Action item –
Word for word, restate the lines of the data below between those holding "Mediterranean sea house - Foto 9" and "Windowsノート本体 Thinkpad X390 Corei3-8145U 4GB 256GB Windowsノート本体", inclusive; pictures do not belong in the copy.

Exercise data –
○ ○ ○

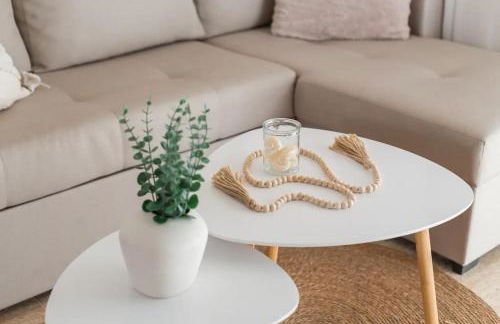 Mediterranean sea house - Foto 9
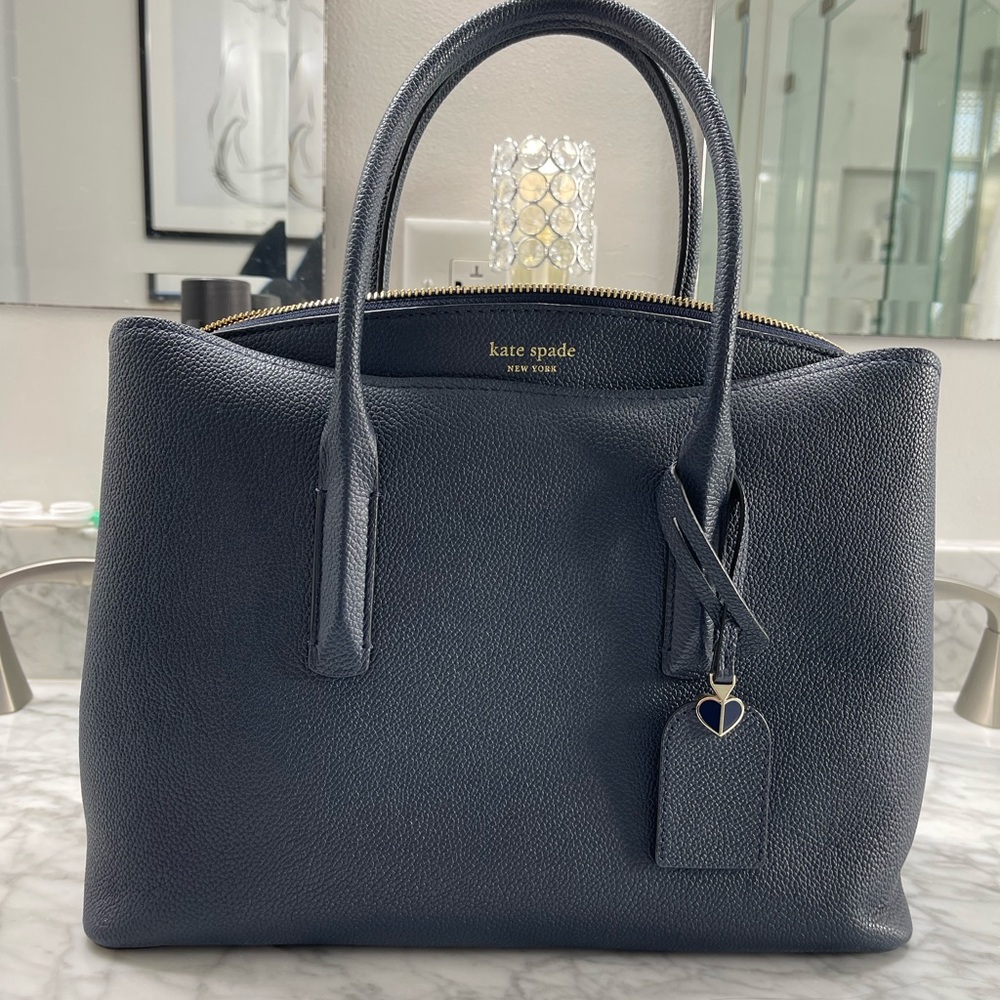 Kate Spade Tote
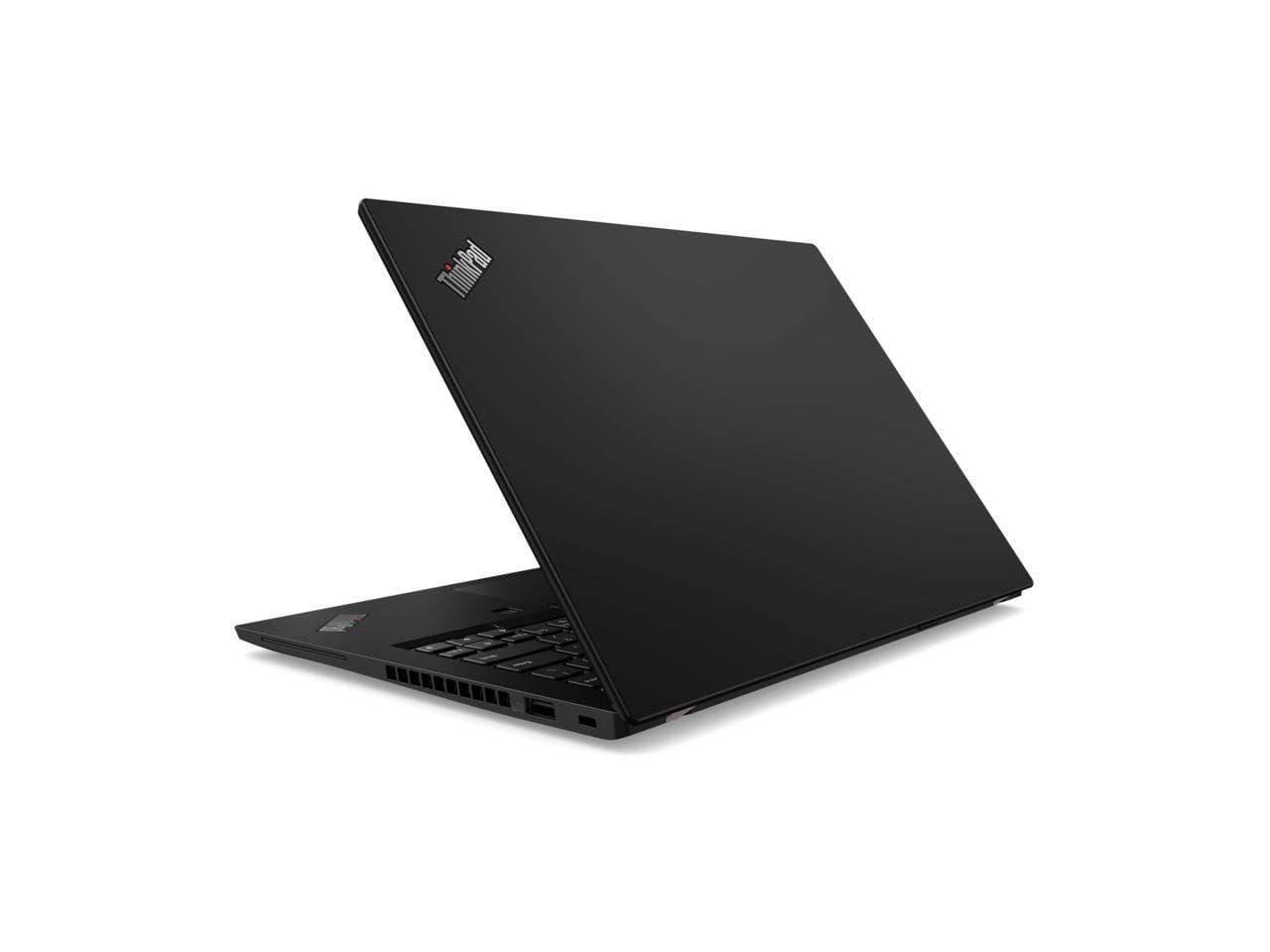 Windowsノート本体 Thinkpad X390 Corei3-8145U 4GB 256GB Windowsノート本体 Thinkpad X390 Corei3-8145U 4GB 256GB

○ ○ ○

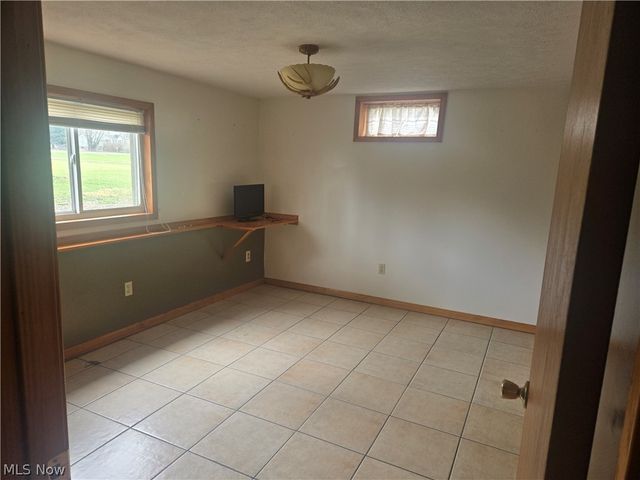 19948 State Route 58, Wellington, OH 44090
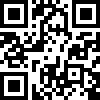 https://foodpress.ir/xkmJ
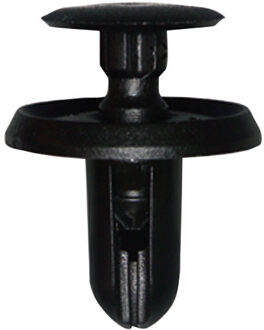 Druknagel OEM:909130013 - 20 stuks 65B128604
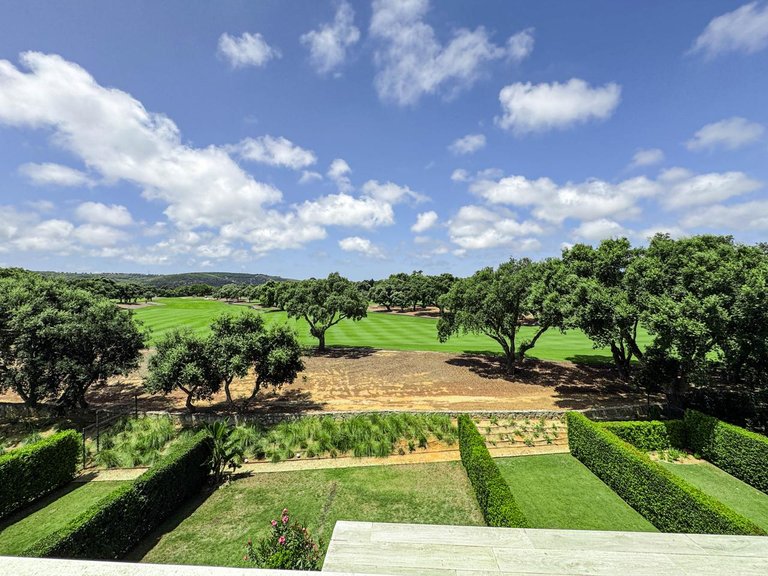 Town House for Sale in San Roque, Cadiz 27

○ ○ ○

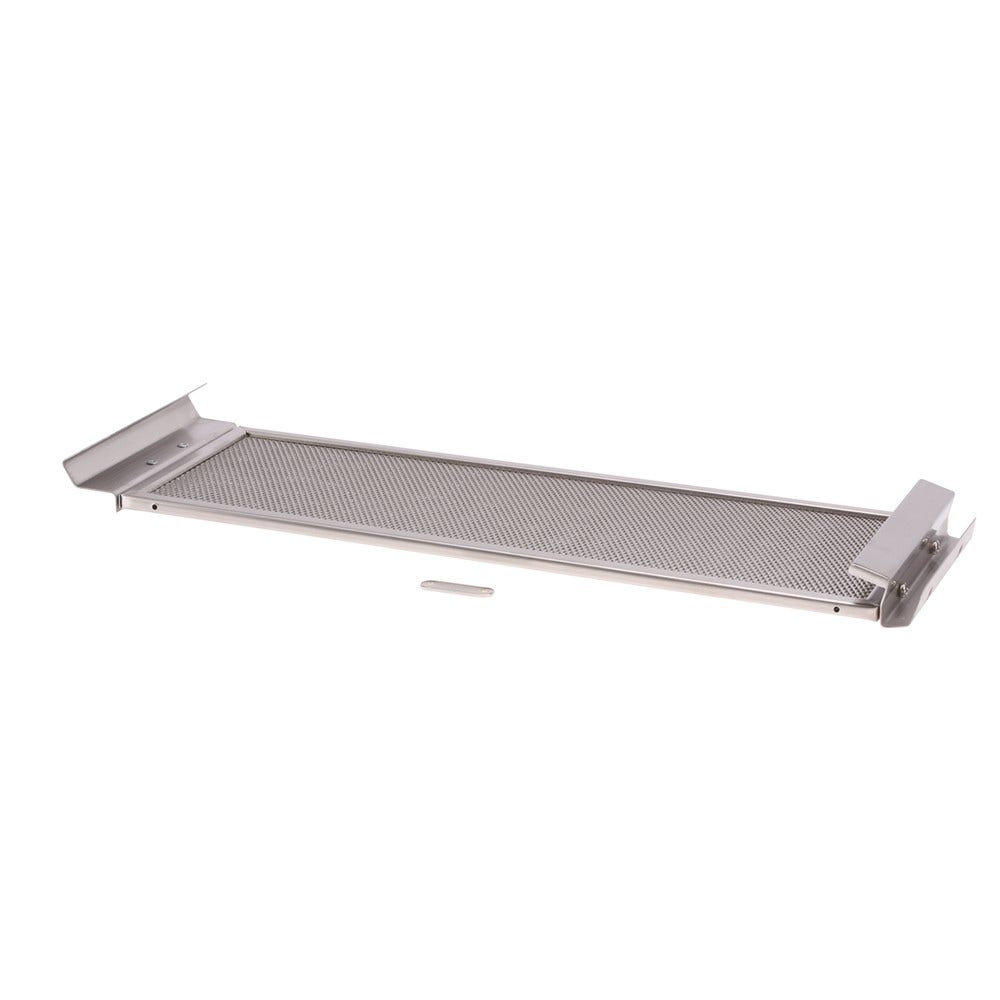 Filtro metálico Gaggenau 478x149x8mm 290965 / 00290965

○ ○ ○

Result of the task –
 Mediterranean sea house - Foto 9
 Kate Spade Tote
 Windowsノート本体 Thinkpad X390 Corei3-8145U 4GB 256GB Windowsノート本体 Thinkpad X390 Corei3-8145U 4GB 256GB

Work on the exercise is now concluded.